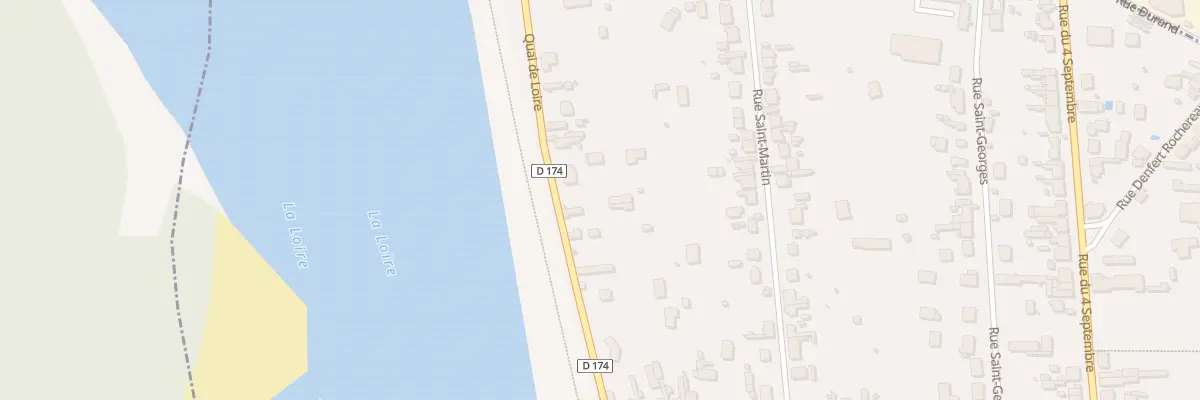 Plan du 82B Quai de Loire à Fourchambault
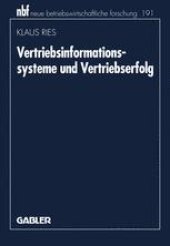 book Vertriebsinformationssysteme und Vertriebserfolg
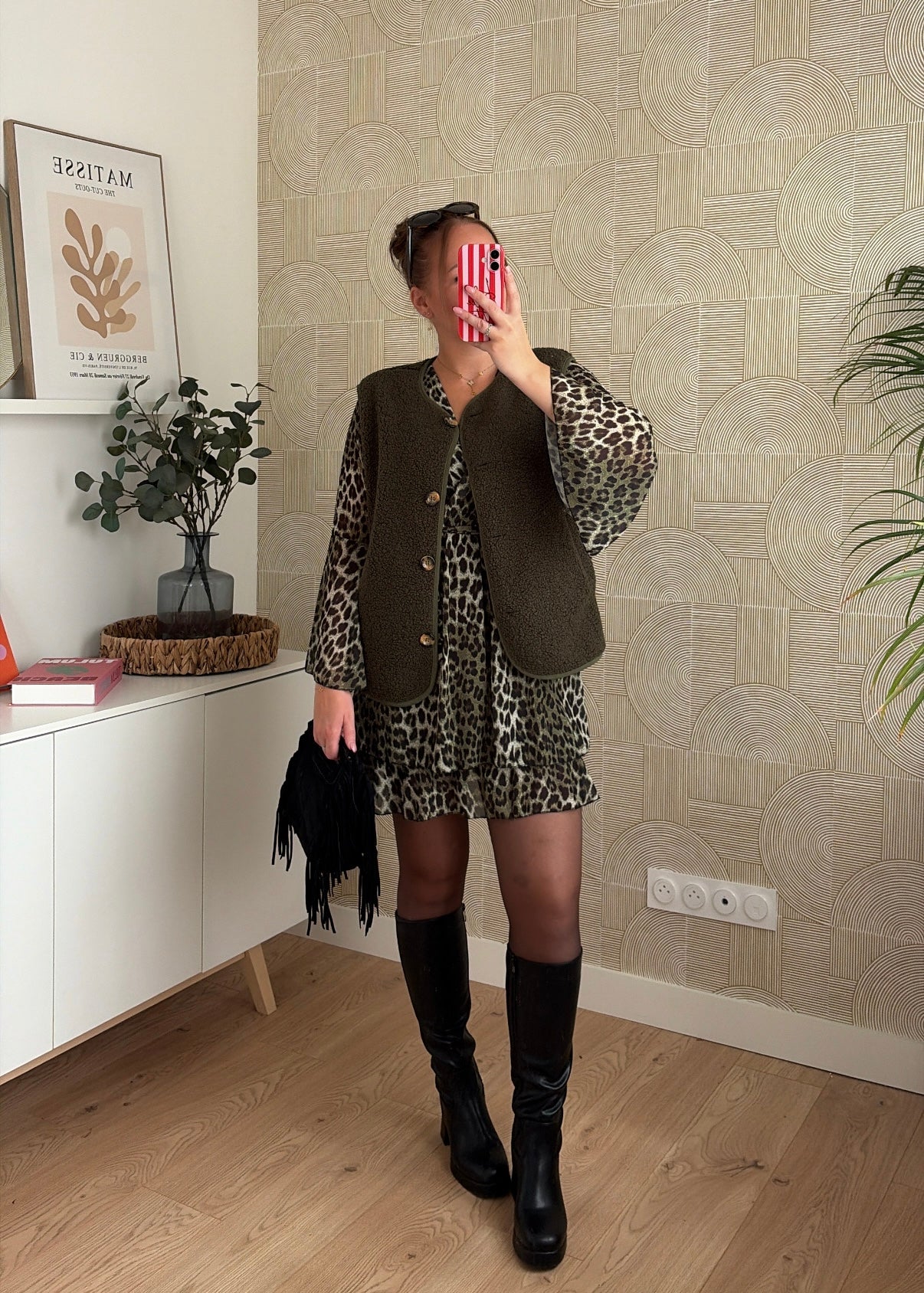 Gilet bouclette kaki - SHAUN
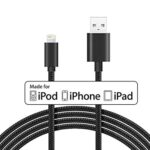 2 Meter Braided USB Cable for iPhone – Multicolour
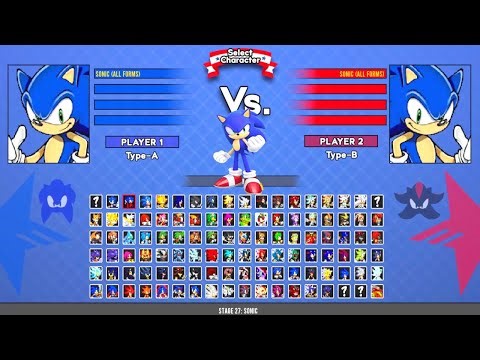 Sonic all forms VS Sonic all forms I Sonic Mugen Battle HD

▬▬▬▬▬▬

▶ [What you will do] Provide the listing above once more, exactly, with the pictures removed.

▶ [Finished task]
 Plan du 82B Quai de Loire à Fourchambault
 book Vertriebsinformationssysteme und Vertriebserfolg
 Gilet bouclette kaki - SHAUN
 2 Meter Braided USB Cable for iPhone – Multicolour
 Sonic all forms VS Sonic all forms I Sonic Mugen Battle HD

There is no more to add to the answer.